2020-08-08: I then removed the rudder, split the hinges and made ready for riveting the hinge to the rudder. Here I found a mismatch between the item list for this chapter and the actual description. The item list says I need 24 pcs of MS20426AD3-3 solid rivets while the plans text says to use pop rivets. The solid rivets will not work here, so I used Cherry pop rivets – BSPQ-43 – the same rivets used to mount the hinges to the ailerons. The correct number required should be 34 as well. I recessed the holes in the glass a bit, the rest of the rivet heads will be hidden by micro later. I also put wet flox between the rudder and the hinge before I mounted the rivets.

The next step is to mount the rudder return spring. I followed the plans here.

It is not very easy to bend the piano wire as it is rather stiff. I have seen other solutions here by other builders, but I decided to stick to the plans here. I made several bends on the hook that goes into the rudder to ensure that it will stay in place. I drilled a 6mm hole in the rudder and filled it with wet flox, before I placed the hook inside.

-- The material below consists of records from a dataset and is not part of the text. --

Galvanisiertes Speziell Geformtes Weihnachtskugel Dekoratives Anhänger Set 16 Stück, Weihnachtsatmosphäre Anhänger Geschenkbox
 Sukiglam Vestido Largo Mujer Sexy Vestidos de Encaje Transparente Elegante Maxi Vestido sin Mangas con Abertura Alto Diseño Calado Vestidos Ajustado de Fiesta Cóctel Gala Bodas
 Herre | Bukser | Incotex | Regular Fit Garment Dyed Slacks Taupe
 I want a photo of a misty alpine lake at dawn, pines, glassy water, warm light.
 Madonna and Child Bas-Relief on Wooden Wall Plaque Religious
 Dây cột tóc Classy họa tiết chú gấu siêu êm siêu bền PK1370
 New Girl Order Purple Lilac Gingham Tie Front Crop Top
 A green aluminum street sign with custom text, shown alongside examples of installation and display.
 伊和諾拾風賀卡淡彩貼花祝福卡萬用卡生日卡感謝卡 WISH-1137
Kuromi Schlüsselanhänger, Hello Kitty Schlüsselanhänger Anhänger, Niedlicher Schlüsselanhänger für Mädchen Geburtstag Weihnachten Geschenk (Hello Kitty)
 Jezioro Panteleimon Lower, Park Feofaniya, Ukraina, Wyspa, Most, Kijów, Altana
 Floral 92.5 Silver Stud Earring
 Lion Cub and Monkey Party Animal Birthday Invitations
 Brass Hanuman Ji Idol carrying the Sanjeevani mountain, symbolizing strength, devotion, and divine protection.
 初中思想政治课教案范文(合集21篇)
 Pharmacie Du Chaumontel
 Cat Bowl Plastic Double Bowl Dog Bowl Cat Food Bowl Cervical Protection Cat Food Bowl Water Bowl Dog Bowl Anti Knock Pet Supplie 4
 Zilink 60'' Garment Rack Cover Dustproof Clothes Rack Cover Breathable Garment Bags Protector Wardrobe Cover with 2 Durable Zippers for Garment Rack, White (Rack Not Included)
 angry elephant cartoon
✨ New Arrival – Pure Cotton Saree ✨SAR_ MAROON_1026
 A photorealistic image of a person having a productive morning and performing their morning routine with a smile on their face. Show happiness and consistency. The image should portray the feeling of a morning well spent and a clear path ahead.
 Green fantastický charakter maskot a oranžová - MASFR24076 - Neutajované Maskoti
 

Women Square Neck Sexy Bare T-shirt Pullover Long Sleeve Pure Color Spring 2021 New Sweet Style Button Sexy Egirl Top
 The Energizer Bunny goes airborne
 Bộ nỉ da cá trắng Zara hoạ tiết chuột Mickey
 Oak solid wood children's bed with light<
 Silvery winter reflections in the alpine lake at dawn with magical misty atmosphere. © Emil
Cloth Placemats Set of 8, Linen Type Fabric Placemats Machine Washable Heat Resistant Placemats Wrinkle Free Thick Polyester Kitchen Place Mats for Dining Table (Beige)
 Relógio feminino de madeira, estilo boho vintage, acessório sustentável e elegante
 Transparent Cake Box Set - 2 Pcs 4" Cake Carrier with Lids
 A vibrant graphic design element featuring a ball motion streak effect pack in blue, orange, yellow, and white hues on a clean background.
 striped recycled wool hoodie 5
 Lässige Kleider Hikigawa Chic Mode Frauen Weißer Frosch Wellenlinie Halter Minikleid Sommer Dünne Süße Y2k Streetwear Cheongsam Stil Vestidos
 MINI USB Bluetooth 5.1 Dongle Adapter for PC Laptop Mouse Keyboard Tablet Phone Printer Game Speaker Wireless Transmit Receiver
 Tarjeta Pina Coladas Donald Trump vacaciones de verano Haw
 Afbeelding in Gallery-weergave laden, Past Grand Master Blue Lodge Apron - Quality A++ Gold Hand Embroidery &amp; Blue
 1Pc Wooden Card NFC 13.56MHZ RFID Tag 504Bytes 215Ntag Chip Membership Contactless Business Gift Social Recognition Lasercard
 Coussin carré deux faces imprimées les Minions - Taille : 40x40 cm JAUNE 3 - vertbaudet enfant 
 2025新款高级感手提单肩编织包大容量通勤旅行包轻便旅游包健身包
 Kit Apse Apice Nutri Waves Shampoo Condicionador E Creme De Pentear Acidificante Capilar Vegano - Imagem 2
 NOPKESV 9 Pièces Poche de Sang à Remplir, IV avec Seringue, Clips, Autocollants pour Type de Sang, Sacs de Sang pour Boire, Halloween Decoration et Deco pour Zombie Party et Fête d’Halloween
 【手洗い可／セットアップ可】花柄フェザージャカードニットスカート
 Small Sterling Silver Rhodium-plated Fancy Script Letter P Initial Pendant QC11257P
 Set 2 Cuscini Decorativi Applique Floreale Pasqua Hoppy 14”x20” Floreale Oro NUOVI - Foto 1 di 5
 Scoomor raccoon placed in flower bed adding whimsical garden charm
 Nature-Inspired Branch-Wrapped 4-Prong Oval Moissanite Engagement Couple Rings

In the winglet I used a 1″ hole saw to drill the hole for the aluminum tube. Then I put some flox in the bottom to fasten the plywood to the tube, and wet micro on on the tube itself to glue it to the foam. Remember to mount the spring in the hook inside the tube before gluing it in place. It is possible to mount the spring after, but it is much easier to do it in this step.

Later in the process I discovered that the spring was way to long. It was not in tension at all when the rudder was closed. I needed to cut over 3 cm to make it work as intended. This resulted in that the hook of the spring was just above the 1″ aluminum tube.

To attach the spring to the hook in the rudder was easy using a needle nose plier after the rudder was attached.

2020-08-09: The last step is to adjust and mount the hidden bellhorn to the rudder. In this process the rudder need to be taken on and off many times. I read a great tip in Joe Polenek’s writeup to use clecos instead of screws and nuts. I used 3/16 cleco which was just perfect for this use.

NB: Remember to be sure that the cleco are actually gripping the material before you loosen the grip of the cleco plier, or else the cleco can loosen and fire backwards and hit you. Ask me how I know…

I temporarily fastened the bellhorn to the rudder with some very strong double sided tape. The first test showed that everything worked as planned regarding to the movement of the bellhorn. However – I have to angle the end of the bellhorn a bit more down so that it hits the pocket where the rudder cable is. To achieve this I made a foam wedge approx 1 cm high at the most, which I will glass to the rudder with 2 BID.

2020-08-10: Did the test-fitting of the bellhorn, using drywall screws before I floxed it in place.

I will of course sand the flox smooth before I add BID on top.

The other side looks like this. The foam wedge I added is glassed on both sides and the exposed foam between was removed and replaced with flox.

2020-08-13: The last step was to add two layers of BID on top of the bellhorn.

At last I have another moving part!


2020-08-15: Time to prepare the right wing for storage. I have limited space in my garage so I had to find a storage for the wing so I can start on the left rudder. Luckily my son had space in his garage, so the trailer was loaded with the wing for it’s first flight!

Then it’s time to return to step 3 and redo everything once again!